Another idea that's related is to use filters for polarizing rhetoric or toxic content. Of course the questions they have for us to think about is who determines what's polarizing, who determines what's toxic. I actually think at a basic level there are things, there are very simple things that you define as polarizing rhetoric that are not political. Like if you use "they" words more or "we" words more, we signals our group, they signal out group. There are ways that you could actually create these filters that are not that objectionable. Toxic content. I think we can all agree that name calling, and trolling and all of these things are toxic.

Of course they say, well, okay, if you make it optional, most people who engage in this behavior are not gonna turn on that filter. So there are a lot of practical challenges in how you would actually do this, but some ideas were, you know, creating filters for toxic or polarizing content, using credibility ratings on accounts to discourage the sharing of misinformation, and hence promote the sharing of accurate information. Maybe getting rid of the ad model. That's a huge problem. But then you get initiatives like asking people to pay $8 for a blue tick, right? And so, you know, there's been a lot of people who really don't want to pay for social media. And so that's another factor. If they're not gonna have ads and engagement, then how are they gonna make money?

And so I think there is a solution but it's definitely not going to be an easy one. Of course, in theoretical terms, the easy answer is incentivize for accuracy, which is also what I wrote about in the book. And some ways to do that are, leveraging reputational concerns using filters, down-ranking unreliable content. Here's something more controversial. There are research studies that showed that de-platforming super spreaders really works wonderfully in reducing content. Which, you know, there are big differences in Europe and the United States about how comfortable people are about de-platforming and limiting speech.

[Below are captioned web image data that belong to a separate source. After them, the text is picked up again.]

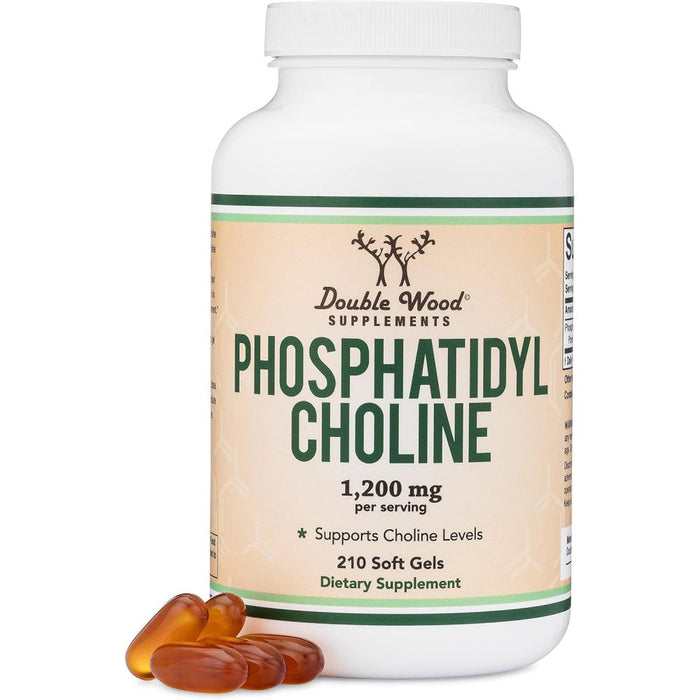 Double Wood Phosphatidyl Choline 1200mg Supporting Brain Function, Memory, and Nervous System Health, as Well as Maintaining Healthy Liver Function 210 Soft Gels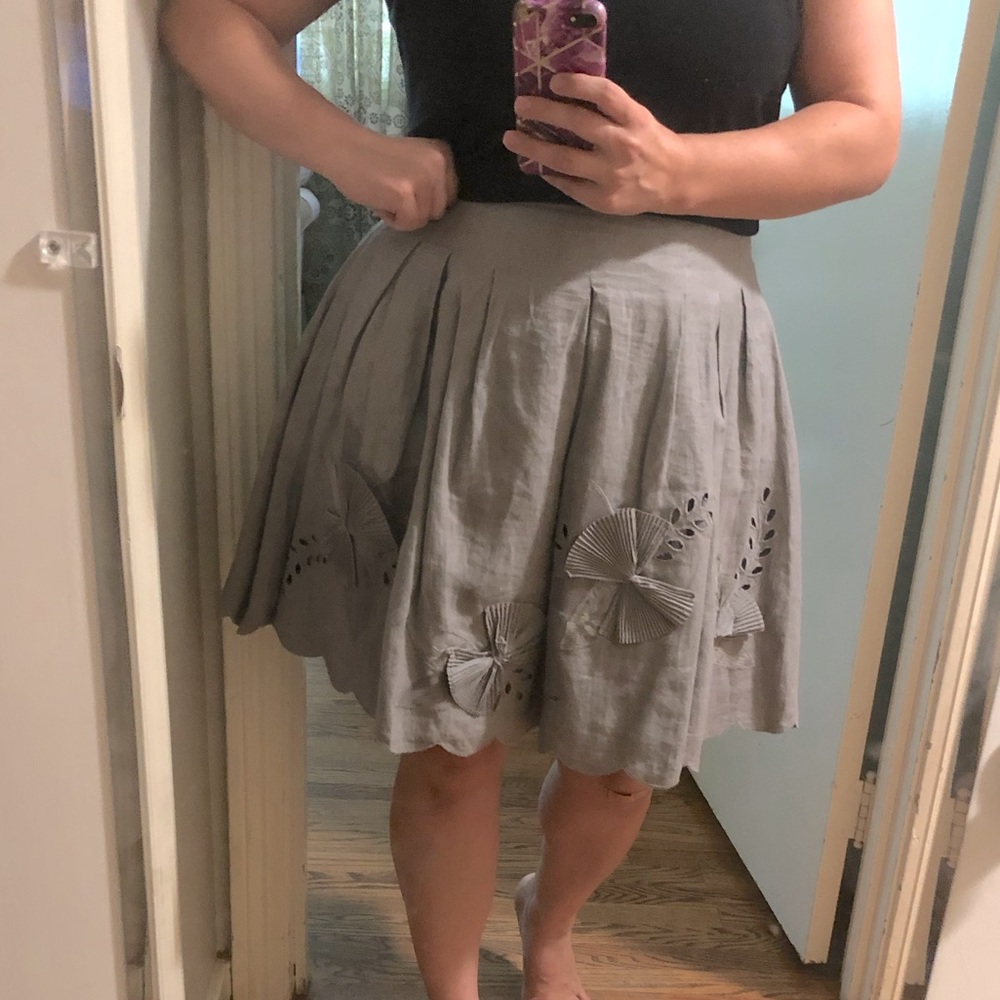Anthropologie Elevenses size 8 gray skirt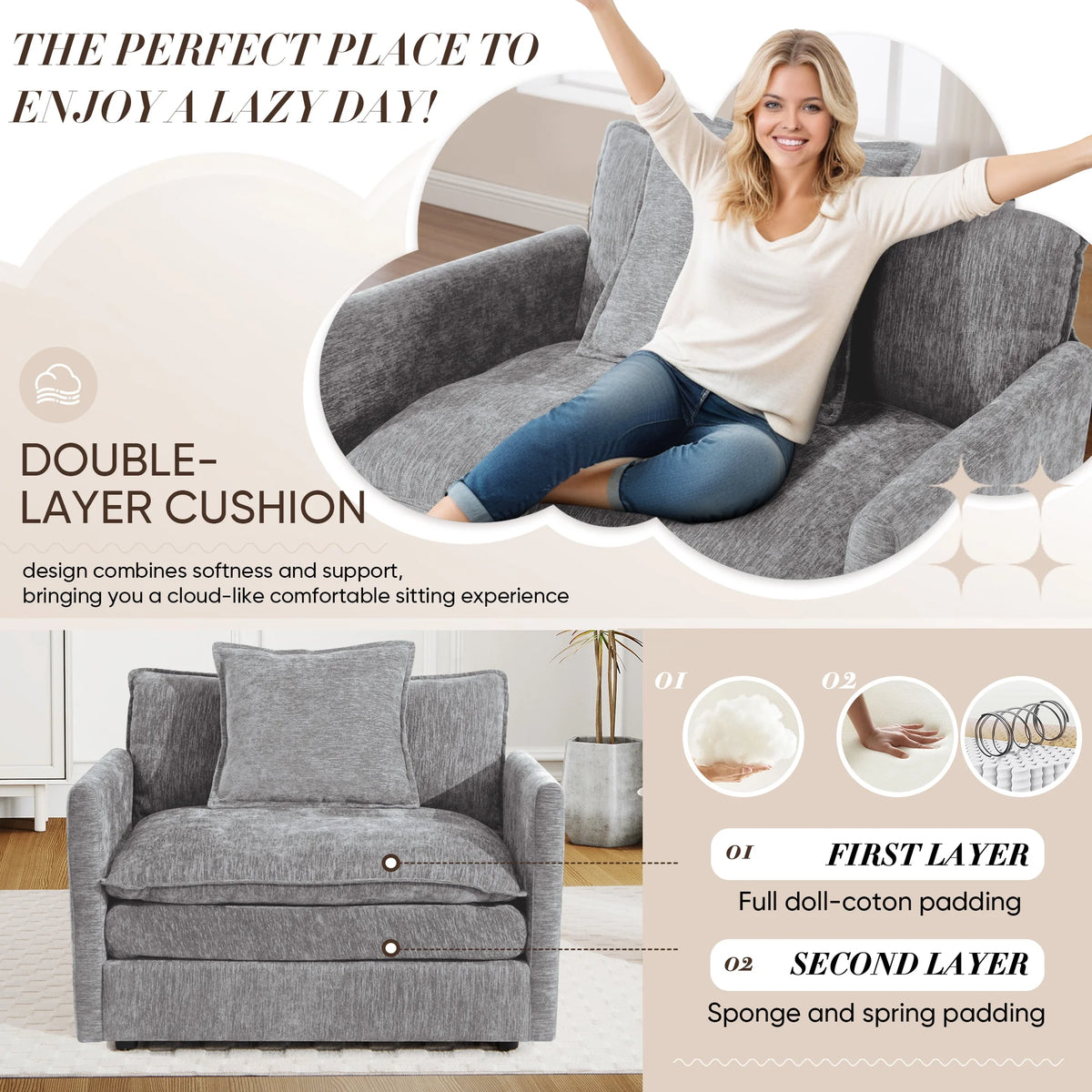 Muumblus Oversized Lounge Chair with Ottoman, Cloud Accent Armchair for Living Room, Beige Chenille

Personally I think there are side effects. So I do think that if you look at the de-platforming of Trump, for example, misinformation on Twitter did go down. I mean, research studies show that. But then he sets up his own social network and now you have a whole group of people who are perhaps more radical than they would've been if they had stayed on Twitter. So is de-platforming the ultimate solution? It's not an easy answer.

And so I think a lot of people want to protect freedom of speech and use softer measures. But I think at the end of the day, regulation obviously is going to play a role in holding social media accountable. But yeah, you can say a lot, you know, fines, but, you know they pay the fines, right? Germany has a law against this sort of stuff and they just pay the fines because it's nothing to them. And so what kind of regulation would facilitate better social media?

I will say, when I first learned about social media when I was younger, I thought it was a great idea. Connecting people all around the world, right? I think there is huge potential in social media. We've just now gone down a path that's not at all I think what people had hoped for. Maybe what even the creators had had in mind. And we need a better model. So that's, that's for sure. I'll stop talking there because you know, I don't have the ultimate answer, but just some ideas.

20:21: Grace Lovins:

Okay. It looks like we're out of time for today. We've been talking to Dr. Sander van der Linden, director of the Cambridge Social Decision Making Lab at the University of Cambridge, and author of Foolproof: Why Misinformation Infects Our Minds in How to Build Immunity. Dr. van der Linden, thanks so much for joining us today and we do hope to see you again soon.

20:39: Dr. Sander van der Linden:

Perfect. Yeah, I look forward to it, and thanks again. Very nice meeting you all.